Adesina’s address set out the ways in which the African Development Bank is addressing Africa’s nutrition challenge. First, he said, it will launch a new strategy to ‘Feed Africa’, and turn a net food-importing continent into a self-sufficient food exporter within 10 years. Feeding children needs to be accompanied by supporting their mothers, he said. To address this, the Bank is launching the Affirmative Finance Action for Women to leverage US $3 billion specifically for women in Africa. It will also use its 2016 Annual Meetings (Lusaka, May 23-27) as a platform for the group of African Leaders for Nutrition to call for innovative and effective financing approaches to end malnutrition. “Note that I say ‘end’ malnutrition, not ‘reduce’ it”, he said.
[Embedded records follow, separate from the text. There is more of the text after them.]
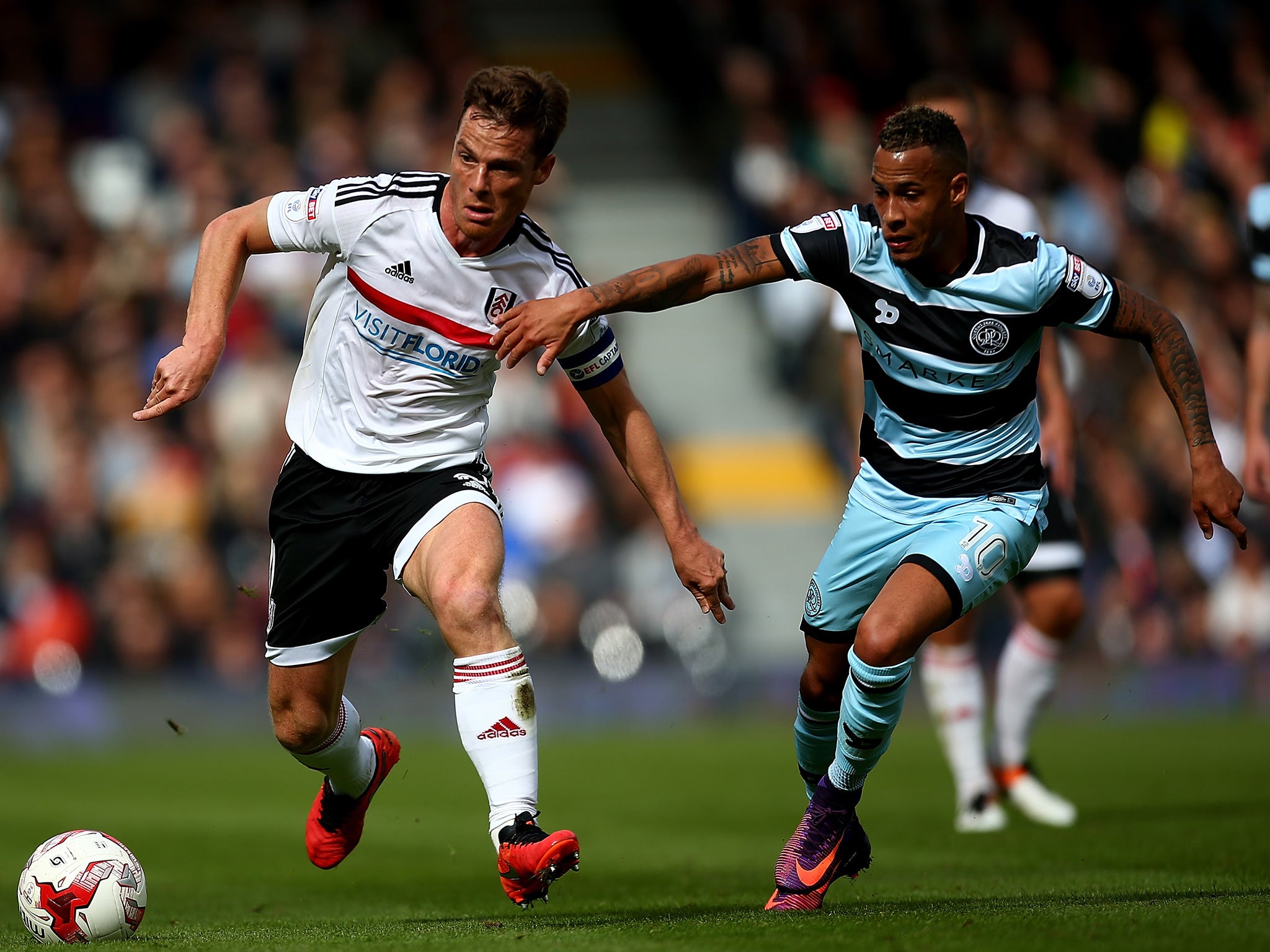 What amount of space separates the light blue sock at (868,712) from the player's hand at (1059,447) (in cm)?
240

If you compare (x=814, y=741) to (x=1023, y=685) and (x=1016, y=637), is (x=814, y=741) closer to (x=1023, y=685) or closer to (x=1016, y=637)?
(x=1023, y=685)

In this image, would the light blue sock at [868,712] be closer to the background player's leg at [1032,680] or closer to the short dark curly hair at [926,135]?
the short dark curly hair at [926,135]

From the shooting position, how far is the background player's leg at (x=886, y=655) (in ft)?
17.9

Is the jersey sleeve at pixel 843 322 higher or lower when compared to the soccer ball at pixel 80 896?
higher

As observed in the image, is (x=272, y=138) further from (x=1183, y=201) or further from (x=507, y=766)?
(x=507, y=766)

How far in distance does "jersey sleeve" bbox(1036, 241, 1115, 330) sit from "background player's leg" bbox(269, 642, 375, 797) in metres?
2.69

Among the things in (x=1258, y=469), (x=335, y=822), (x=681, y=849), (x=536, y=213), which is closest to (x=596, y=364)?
(x=335, y=822)

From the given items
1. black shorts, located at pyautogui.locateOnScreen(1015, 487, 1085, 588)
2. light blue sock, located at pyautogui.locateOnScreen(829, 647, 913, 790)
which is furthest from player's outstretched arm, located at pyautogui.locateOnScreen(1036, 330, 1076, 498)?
light blue sock, located at pyautogui.locateOnScreen(829, 647, 913, 790)

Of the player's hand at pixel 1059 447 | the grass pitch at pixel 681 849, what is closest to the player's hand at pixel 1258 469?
the player's hand at pixel 1059 447

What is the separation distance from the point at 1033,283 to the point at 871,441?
82 centimetres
“Now more than ever is the time invest in nutrition”, said Keith Hansen of the World Bank. If the world is to meet the six targets set out by the World Health Organization in 2012, the World Bank calculates that it need to spend US $7 billion a year for 10 years. “That is a fraction of what it currently spends on things like subsidies for farmers”, Hansen said. “Our current spending on nutrition amounts to just half of one penny in every dollar.”
Adesina expanded on the idea of financing the fight against malnutrition, floating the idea of issuing nutrition social bonds. He stressed the importance of Health Ministers having the support of their Finance Ministers. He recalled his time as Minister of Agriculture for Nigeria. “I am not asking you [the Finance Minister] for more money for agriculture”, he had said. “I am in fact promising you more money from agriculture, if we turn it into agribusiness.” (The country leveraged US $5.66 billion for the agriculture sector, 2013-2015.)
He also underscored the importance of using mobile technology to get food – and information about food – to women, and stressed the need for Africa to scale up its use of bio-fortified foods. Ninety-five per cent of these are currently imported, while the raw materials to create them, not least sorghum, are plentiful. “Again, Africa will manage its own development”, Adesina said.